All things equal, I like repetition. My short video — Filibuster — consists of nothing but first-person POV shots of me riding up and down escalators of different DC metro stations. $25=a DVD copy for you. Make checks payable to Mark Foote.

—End Break—

LIFE STUDIES

One of deconstructionism's lasting glories was its destabilization of the literary canon. Poking holes in the official story promised new ways of perceiving beauty. Tastemakers betrayed this promise, weakening existing literary standards instead of creating new ones. Deconstructionism's upshot = inflating potboiler merchants — no names necessary — at the expense of true literary artists like Jackson Mac Low: Harryette Mullen.
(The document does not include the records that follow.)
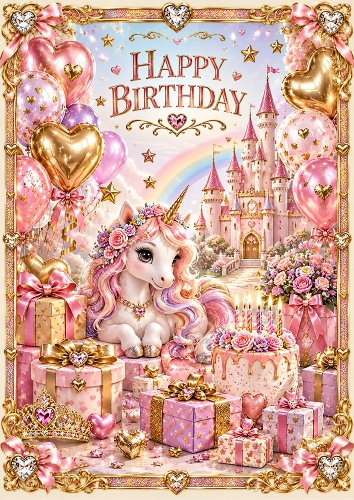 Unicorn Luxury A4 Portrait Birthday Card Topper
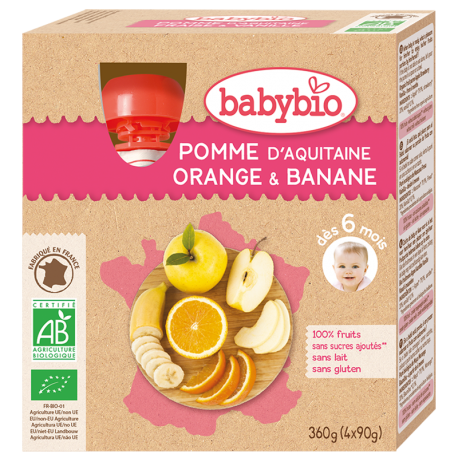 Babybio Gourde Pom Orange Banane - Des 6 Mois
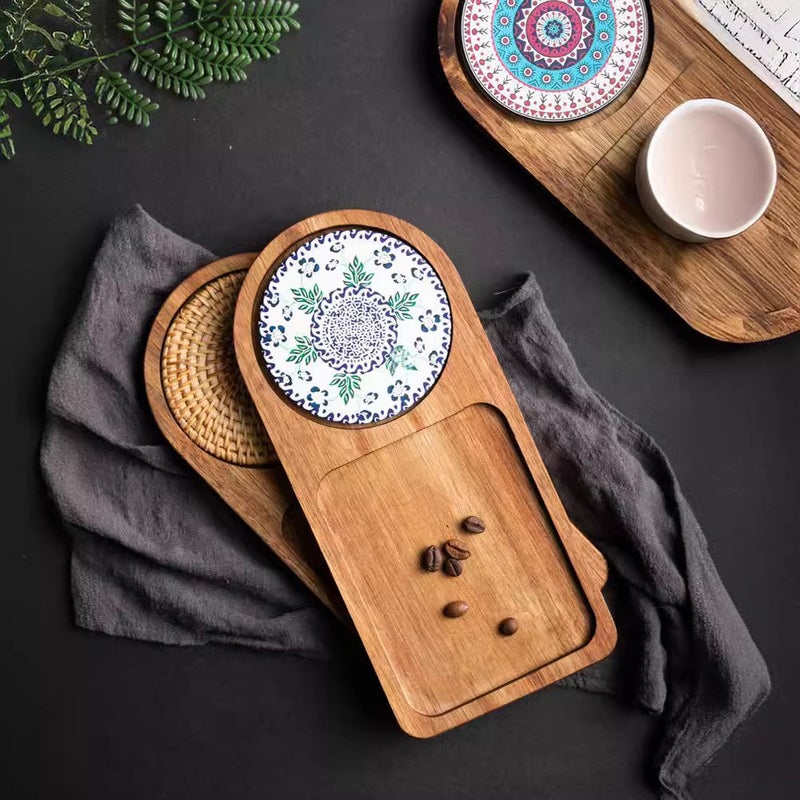Cross-border Japanese-style Solid Wood Tray Ceramic Pad Cup Plate Vintage Bread Dim Sum Dessert Breakfast Plate(F) - Image 3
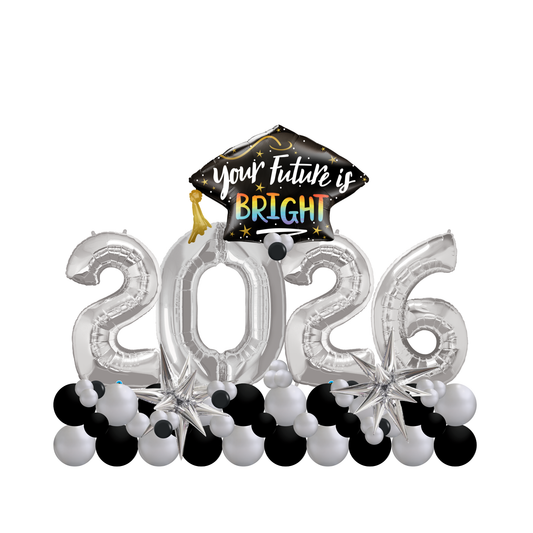 Congratulations Grad 2026 Marquee - Black and Silver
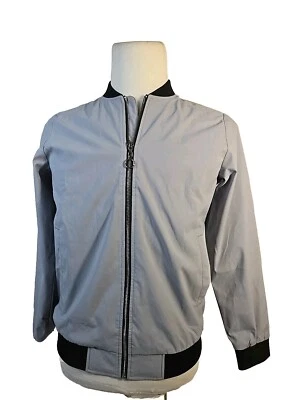 Sz S Men's Full Zip Windbreaker. Gray & Black Lightweight Lined Jacket New - Image 1 of 4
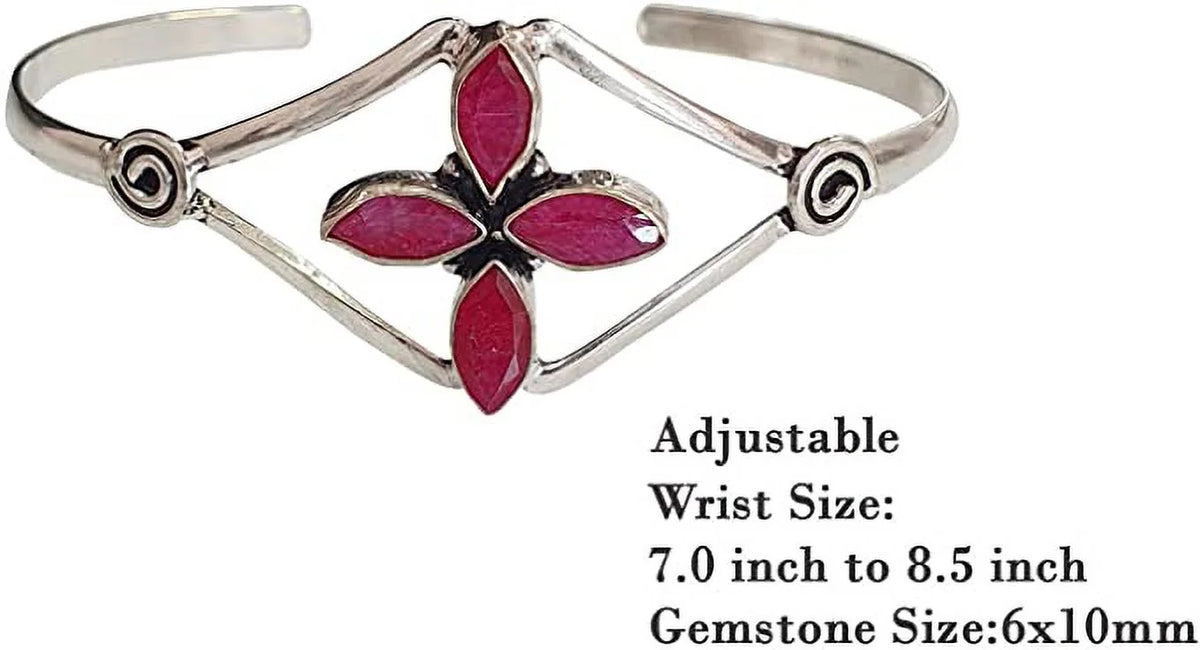 Party Red Bracelet Silver Women, Modern Fashion Plated Boho Natural Gemstone Design Bracelet, Cuff Jewelry Bohemian Ruby Designer Tribal Handmade for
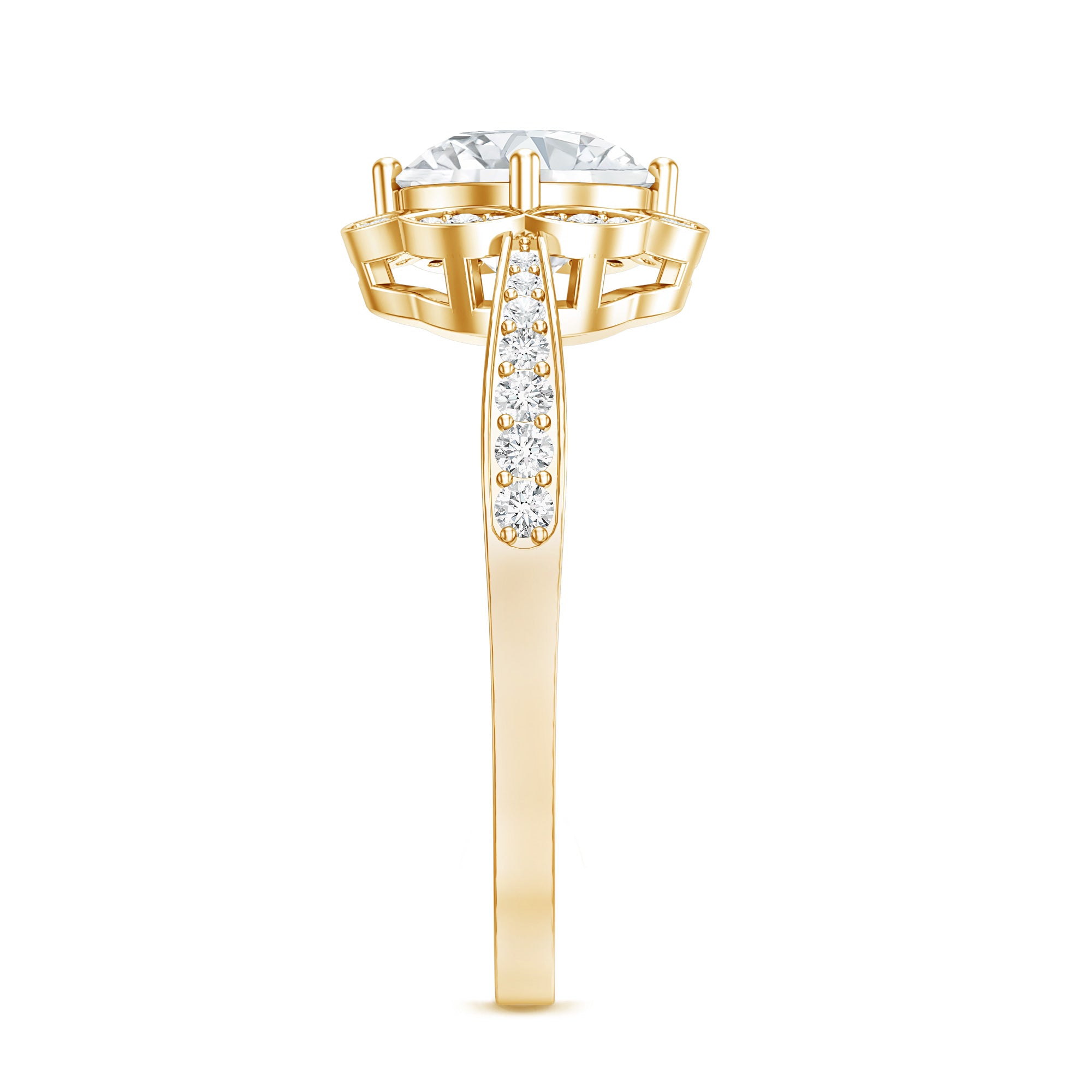 Certified 1.2 Carat Lab Grown Diamond Halo Engagement Ring Lab - ( EF-VS ) - Rosec Jewels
The party of Lenin collapsed — drunks/thugs/kleptocrats took its place.

Thus, Burroughs' place in the pantheon depends on popular studies that rigorously champion his work. Ted Morgan's Literary Outlaw: The Life and Times of William S. Burroughs — judiciously/comprehensively/passionately critiquing of Burroughs' oeuvre: identifying Burroughs' literary context: analyzing Burroughs' literary thought — provides a strong starting point. Oliver Harris' editorial efforts on the republished Cut-Up Trilogy — advocating the Cut-Up Trilogy's canonization: animating Burroughs' working methods: exploring the Trilogy's unstable structure — continue Morgan's work. While they inflate the achievements of Burroughs — The Wild Boys is his only claim to genius — and his friends — the Beats = only the second best literary movement to emerge in mid-50s New York — their works comprise a persuasive brief for Burroughs' importance as a literary artist.

— Commercial Break —

Years ago, I adapted a chapter from The Wild Boys — "The Chief Smiles" — for a video short. The video = a series of posters done in Pop Art style + voice actors/I made my Marker. $25=a DVD copy for you. Make checks payable to Mark Foote.

— End Break —

Barry Miles' work on the Burroughs archives — discovering lost manuscripts: creating his first spoken word performances — led me to believe he would expand Morgan and Harris' brief. Instead, Call Me Burroughs = fixation on Burroughs the man/Burroughs the pop cultural figure. It ignores literature — a meeting with a possible doppelganger, James Merrill receives one sentence: Burroughs' relation to the avant-garde escapes unexamined: literary influences are cited superficially — and Burroughs work — misquoted/misremembered passages: an absence of textual analysis: zero reckoning of the work's literary impact. Reading this book will anger anyone who cares about securing Burroughs' place in the pantheon. Leave cults of personality to the dictators.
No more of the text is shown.